Required action:
Say how many lines in the records hold the word "right", and give nothing but that number.

Data shown:
=== Begin Enclosure ===
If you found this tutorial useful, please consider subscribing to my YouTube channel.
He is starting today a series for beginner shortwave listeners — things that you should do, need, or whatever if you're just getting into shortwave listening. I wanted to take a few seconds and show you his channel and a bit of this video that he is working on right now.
=== End Enclosure ===
=== Begin Enclosure ===
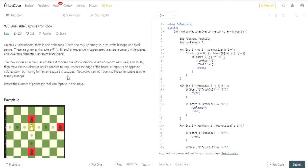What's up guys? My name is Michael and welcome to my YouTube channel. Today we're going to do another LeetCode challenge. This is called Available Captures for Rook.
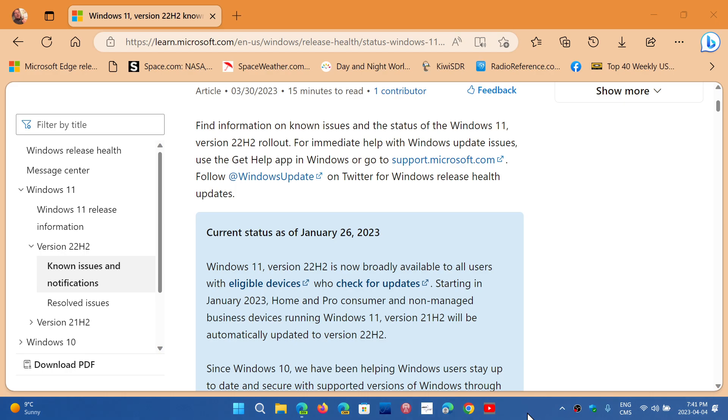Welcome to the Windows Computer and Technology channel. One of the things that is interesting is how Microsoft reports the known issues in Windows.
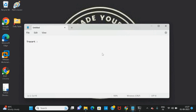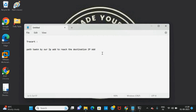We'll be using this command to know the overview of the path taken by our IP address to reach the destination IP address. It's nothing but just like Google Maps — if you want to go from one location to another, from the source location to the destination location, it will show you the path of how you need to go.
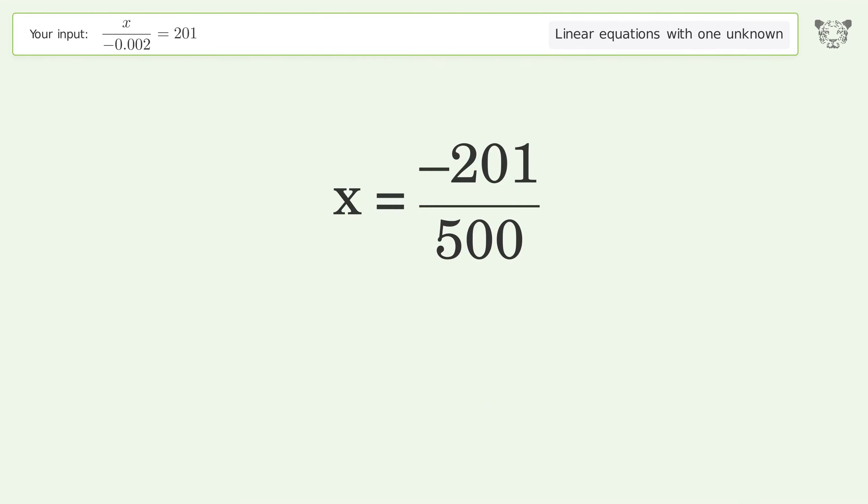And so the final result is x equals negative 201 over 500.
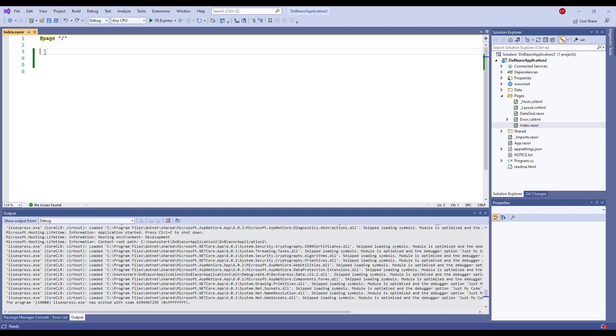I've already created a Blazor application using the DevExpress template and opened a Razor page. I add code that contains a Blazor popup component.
=== End Enclosure ===
=== Begin Enclosure ===
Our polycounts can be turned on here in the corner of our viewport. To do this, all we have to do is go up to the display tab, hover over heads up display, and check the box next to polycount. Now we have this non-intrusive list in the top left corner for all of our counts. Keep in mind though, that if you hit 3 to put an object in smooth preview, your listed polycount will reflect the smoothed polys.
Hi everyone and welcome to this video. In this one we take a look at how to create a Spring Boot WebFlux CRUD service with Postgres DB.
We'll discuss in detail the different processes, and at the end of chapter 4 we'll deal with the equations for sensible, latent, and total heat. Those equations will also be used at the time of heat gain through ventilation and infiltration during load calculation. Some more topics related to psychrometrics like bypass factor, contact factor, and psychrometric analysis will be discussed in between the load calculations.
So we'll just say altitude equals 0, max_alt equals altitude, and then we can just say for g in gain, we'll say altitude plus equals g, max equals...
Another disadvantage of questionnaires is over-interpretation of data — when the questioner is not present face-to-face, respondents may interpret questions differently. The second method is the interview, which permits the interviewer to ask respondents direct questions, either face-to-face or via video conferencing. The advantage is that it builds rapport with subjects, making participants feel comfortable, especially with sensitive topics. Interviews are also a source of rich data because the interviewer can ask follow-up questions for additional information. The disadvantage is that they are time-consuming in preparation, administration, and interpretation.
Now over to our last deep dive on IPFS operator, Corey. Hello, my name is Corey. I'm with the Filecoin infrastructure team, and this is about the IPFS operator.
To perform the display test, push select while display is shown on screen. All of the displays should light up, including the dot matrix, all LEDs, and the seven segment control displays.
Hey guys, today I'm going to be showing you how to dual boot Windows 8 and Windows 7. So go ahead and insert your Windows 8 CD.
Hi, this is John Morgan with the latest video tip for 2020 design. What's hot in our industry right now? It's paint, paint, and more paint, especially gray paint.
=== End Enclosure ===
Solved problem:
2